Un adolescent amoureux explore les souffrances d’un garçon encombré par des désirs d’homme, impatient de sortir de l’enfance, avide d’être enfin pris au sérieux pour cesser de n’être qu’un mensonge mortifère. Pour qu’il existe vraiment, il aurait fallu qu’Arture n’existe pas, que les hommes n’existent pas, afin qu’il puisse demeurer étranger à son propre désir. C’est eux ou lui.

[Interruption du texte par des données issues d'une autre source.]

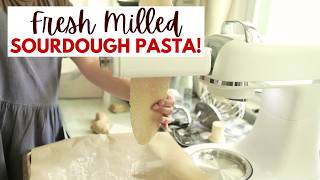 How I Make Fresh Milled Sourdough Pasta From Scratch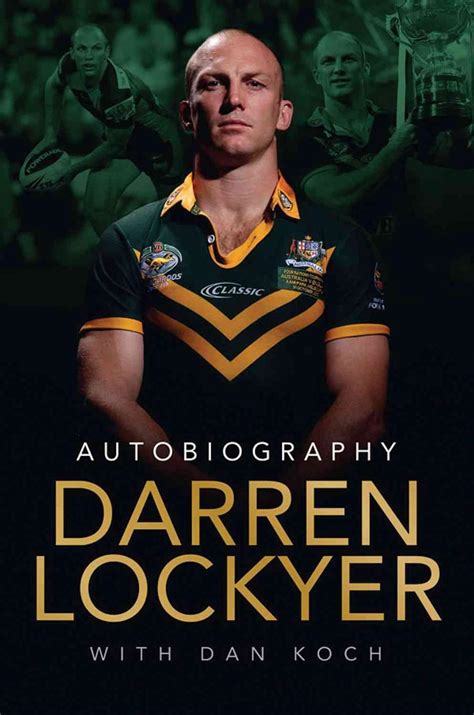 Darren Lockyer Autobiography by Darren Lockyer, Hardcover ...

Finalement, Arture a tous les droits, et Robin aucun : « Lui, il paraît si tranquille, affranchi de toute autorité, alors je ne désire rien d’autre que cette liberté qu’on me refuse. » Arture est un être au présent. Il appartient à une aristocratie : celle de ceux qui baisent, de ceux qui n’ont pas la permission de minuit parce qu’ils les ont toutes – celles qu’ils s’octroient. À l’inverse, Robin est un prolétaire de l’irréprochable, de ceux qui ont du mal à vouloir parce qu’ils doivent.

Le narrateur n’a pas les moyens d’atteindre son fantasme : seule l’écriture lui a donné une réalité. L’auteur signe le roman de la naissance du désir, c’est-à-dire, aussi, de sa naissance en tant qu’écrivain. Ici, Robin rejoint Josserand. C’est un roman d’apprentissage d’une grande finesse où se mêlent hypothèses de désir et certitudes, toutes également douloureuses, qui enseignent à ne plus être un déserteur de soi-même. Au départ, il y a un homme ; à l’arrivée, il y a l’écriture, un livre. Entre les deux, le narrateur se déleste d’un poids : lui qui imitait, on voudrait qu’il apprenne à improviser. C’est tout l’enjeu du parcours raconté ici. Il fallait en passer par Arture, comme par une station de calvaire.

L’une des pages les plus bouleversantes, véritablement sublime, décrit Robin en train de reproduire la graphie d’Arture, de mimer le tracé de ses lettres au détriment de la sienne. Travail acharné, peuplé de résistances : « J’apprends de nouveau à écrire. J’apprends vraiment à devenir Arture. » Je n’avais jamais lu un tel acte de négation de soi. Rien n’est plus intime que la manière dont on forme les lettres de son propre langage. Comment faut-il aimer pour malmener sa singularité jusqu’à la conformer à ce point à celle d’un autre ? C’est un suicide par l’écriture. En prenant du recul, on comprend que tout le livre est contenu dans cette page. C’est un préambule à la fiction. Apprendre à écrire c’était se laisser traverser pour mieux s’élucider. Devenir Arture, c’était devenir soi-même. C’est aussi une façon de s’écarter des multiples formes de pression et d’autorité (familiales, sociales) pour tenter de sortir de l’enfance et, enfin, se dévêtir de la panoplie qu’on vous fait porter pour endosser un costume à sa taille.

Un adolescent amoureux est un roman du passage, de la mise à nu entre deux eaux pour tordre le cou de la clandestinité, un roman de la sublimation freudienne.

On ne sort jamais que d’un cadre, seules les limites peuvent se franchir. Mais comment cesser de gâcher sa vie délibérément, obstinément ? Comment briser la chaîne de sa propre lâcheté ? Peut-on ne pas devenir fou face à ce qui n’a pas été vécu ?

« La plus douloureuse des catastrophes, c’est de s’empêcher d’être heureux. »

Quand on ne parvient pas à vivre quelque chose, on l’écrit, ça double l’existence. Quand on la lit, on la démultiplie encore. J’ai lu, donc j’ai cheminé avec Robin, j’ai vu Arture. Bref, j’ai rencontré Robin Josserand.